Sinodo per l'Amazzonia. Papa: i poveri non sono "inferiori", ascoltiamo il loro grido

Francesco sottolinea che per praticare la “religione di Dio” e non quella “dell’io” dobbiamo riconoscerci poveri dentro, e fare nostro il loro grido, così la nostra preghiera “salirà dritta a Dio”

 

 

«In questo Sinodo abbiamo avuto la grazia di ascoltare le voci dei poveri e di riflettere sulla precarietà delle loro vite, minacciate da modelli di sviluppo predatori. Eppure, proprio in questa situazione, molti ci hanno testimoniato che è possibile guardare la realtà in modo diverso, accogliendola a mani aperte come un dono, abitando il creato non come mezzo da sfruttare ma come casa da custodire, confidando in Dio». Papa Francesco ha concluso domenica l’assise sinodale sull’Amazzonia chiedendo la grazia di saper ascoltare il grido dei poveri «che è il grido di speranza della Chiesa».

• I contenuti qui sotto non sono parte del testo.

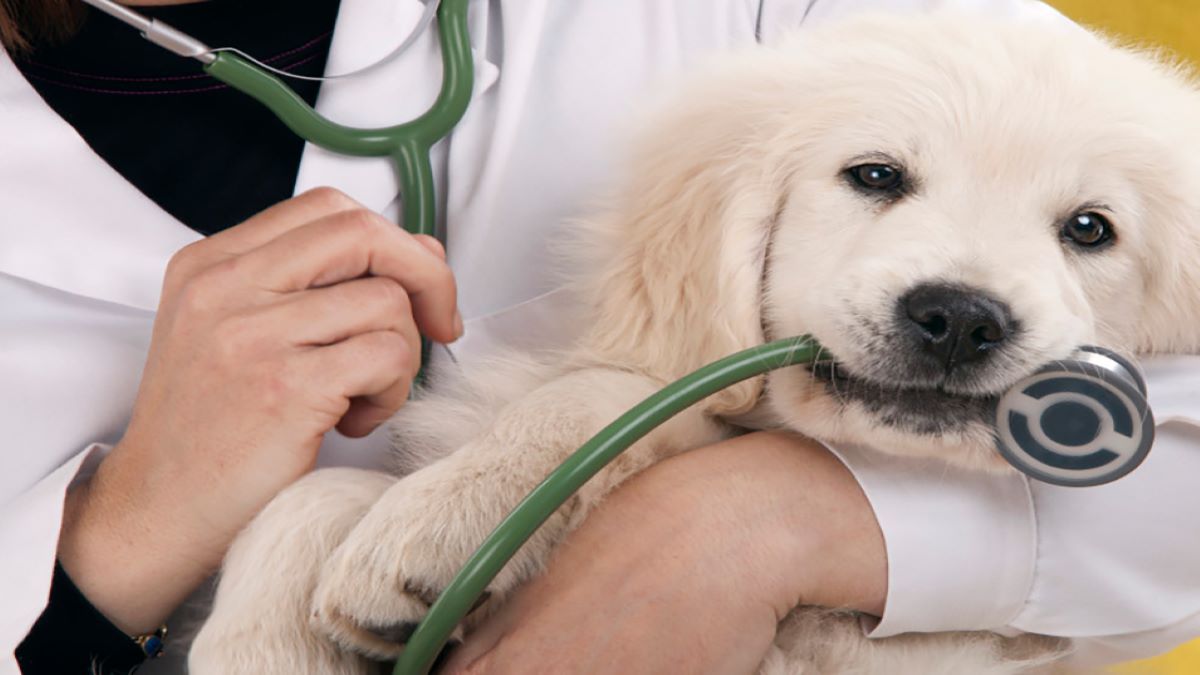 Comment savoir si votre chien a des parasites ? Les symptômes qui doivent vous alerter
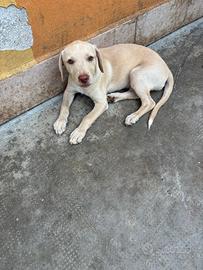 Cucciola simil Labrador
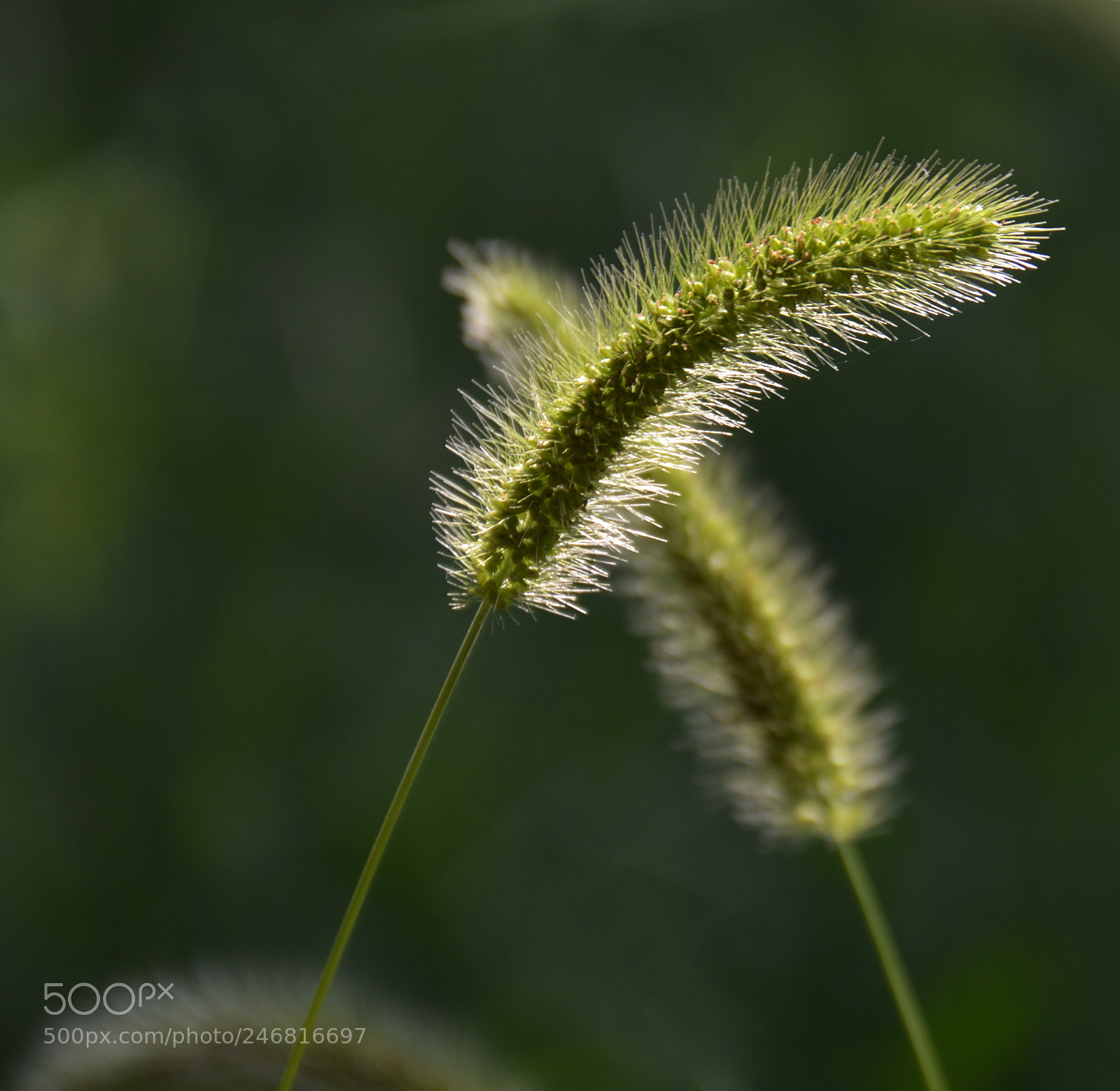 Nikon D5200 sample photo. Blade of grass photography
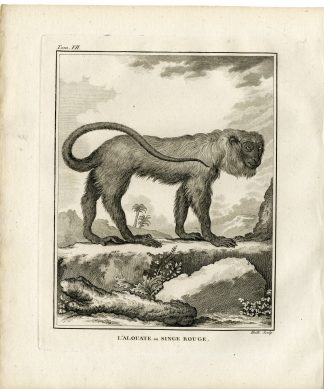2 Antique Prints-COLOMBIAN RED HOWLER-MONKEY-VENEZUELAN-Hulk-Buffon-1801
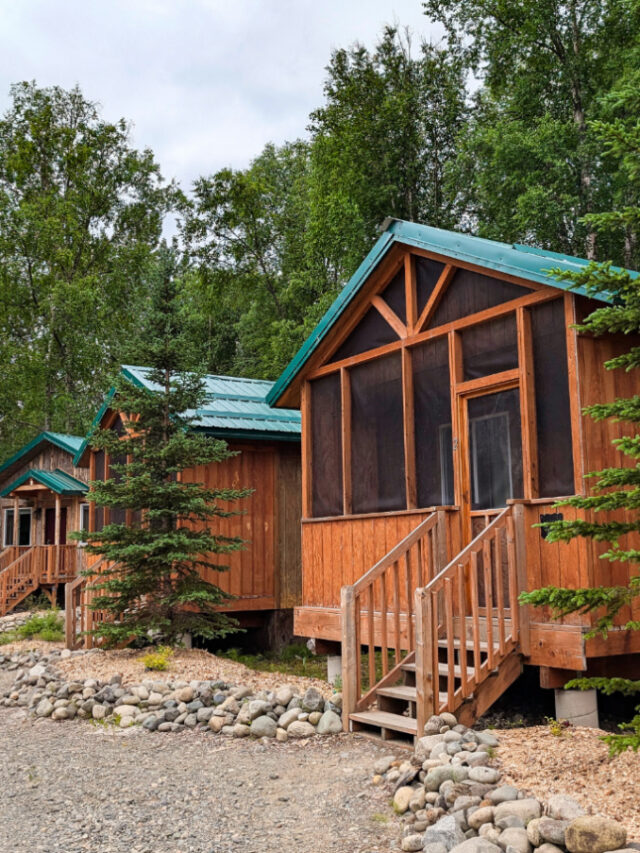 Cabins at Talkeetna Wilderness Lodge Talkeetna Alaska 1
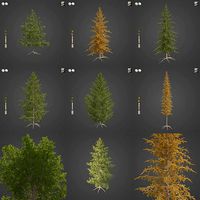 2021 PBR Western Larch Collection - Larix Occidentalis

Aveva aperto il Sinodo deprecando «l’ansia di “addomesticare”» e il «disprezzo» verso le popolazioni indigene da parte di certo mondo occidentale e del quale deve fare ammenda la Chiesa stessa. Ed è tornato a stigmatizzare l’atteggiamento di superiorità, frutto di quella ferita narcistica che impedisce di imparare dall’altro e segna distacco nei suoi confronti. Dogma ormai di quella «religione dell’io» praticata anche da molti cattolici abituali frequentatori delle messe, che porta a ritenere gli altri, specialmente i più poveri, «arretrati e di poco valore».

E che nell’applicazione pratica in Amazzonia si traduce nello svilimento delle loro tradizioni e culture, legittimando l’occupazione dei loro territori e l’usurpazione dei loro beni. È il paradigma dei mali dell’Amazzonia, terra dal «volto sfregiato» da «modelli di sviluppi predatori», ma anche di quello che vive il mondo intero oggi, ha sottolineato Francesco tenendo il pastorale in legno, intarsiato di volti dai tratti indigeni, durante la celebrazione nella Basilica di San Pietro. «Gli errori del passato non son bastati – ha affermato – per smettere di saccheggiare gli altri e di infliggere ferite ai nostri fratelli e alla nostra sorella terra: l’abbiamo visto nel volto sfregiato dell’Amazzonia. La religione dell’io continua, ipocrita con i suoi riti e le sue “preghiere”, dimentica del vero culto a Dio, che passa sempre attraverso l’amore del prossimo». La sua omelia si è articolata dalla parabola del fariseo e del pubblicano: entrambi pregano, ma il primo, «traboccante della propria sicurezza, della propria capacità di osservare i comandamenti, dei propri meriti e delle proprie virtù» è «centrato solo su di sé» e «senza amore», dimentica Dio e dimentica il prossimo, «anzi lo disprezza». Osserva «la religione dell’io» ne è «suddito» e, come lui, «tanti cristiani, cattolici vanno su questa strada», ha aggiunto a braccio il Papa.